Tanks and silos are often designed as ring-stiffened cylindrical shells. Nowadays, the load-increasing effect of closely spaced ring stiffeners under axial compression has received limited attention in research and practice. Considering the structural safety, the ring-stiffened shell needs to be estimated on the conservative side in practice. This is not desirable in terms of modern lightweight steel structures. However, material efficiency is achieved by combining thin plates with ring-stiffeners. In this paper, small specimen experimental series are carried out to calibrate numerical models, which are subsequently used in parameter studies, because the large-scale experiments are cost-intensive and therefore difficult to carry out in the laboratory. The small cylindrical shells are manufactured by welding of two half-cylindrical shells and the ring stiffeners are spot-welded to the cylindrical shell. Geometric dimension of shell specimens is measured by 3D scanning technology. The measured geometric imperfection information is directly imported into the numerical model based on a mapping relationship and the buckling tests are recalculated by means of geometrically and materially nonlinear analysis with imperfection. The results indicate that the buckling resistance calculated by the Finite Element analysis is very close to that of the test results. The initial geometric imperfection is discussed with reference to the Eurocodes design standard. Furthermore, influence of the ring-stiffener parameter, including imperfection amplitude, radius over thickness ratio, geometry of ring stiffener etc., on the buckling load and knockdown factor is discussed based on a large number of parameter study.

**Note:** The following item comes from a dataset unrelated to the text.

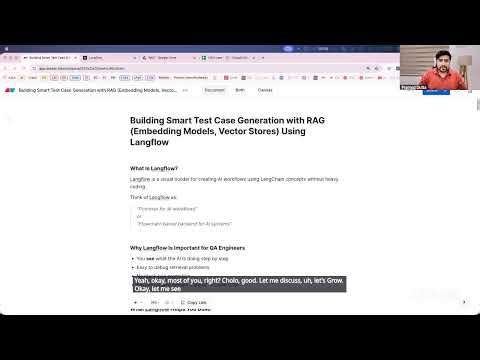 Building Smart Test Case Generating with RAG & LangFlow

储罐和筒仓通常设计为环形加劲的圆柱壳。如今，在轴向压缩下紧密间隔的环形加劲肋的载荷增加效果在研究和实践中受到的关注很少。考虑到结构安全性，在实践中需要从保守方面估算环刚壳。就现代轻质钢结构而言，这是不希望的。但是，通过将薄板与环型加劲肋相结合可以实现材料效率。在本文中，进行小样本实验系列来校准数值模型，随后将其用于参数研究，因为大规模实验成本高昂，因此难以在实验室中进行。小圆柱壳是通过焊接两个半圆柱壳制造的，环形加劲肋点焊到圆柱壳上。壳标本的几何尺寸是通过3D扫描技术测量的。根据映射关系将测得的几何缺陷信息直接导入到数值模型中，并通过几何和材料非线性的缺陷分析重新计算屈曲试验。结果表明，通过有限元分析计算的屈曲阻力与测试结果非常接近。最初的几何缺陷是参考Eurocodes设计标准进行讨论的。此外，环型加强筋参数的影响，包括缺陷幅度，半径与厚度之比，环型加强筋的几何形状等。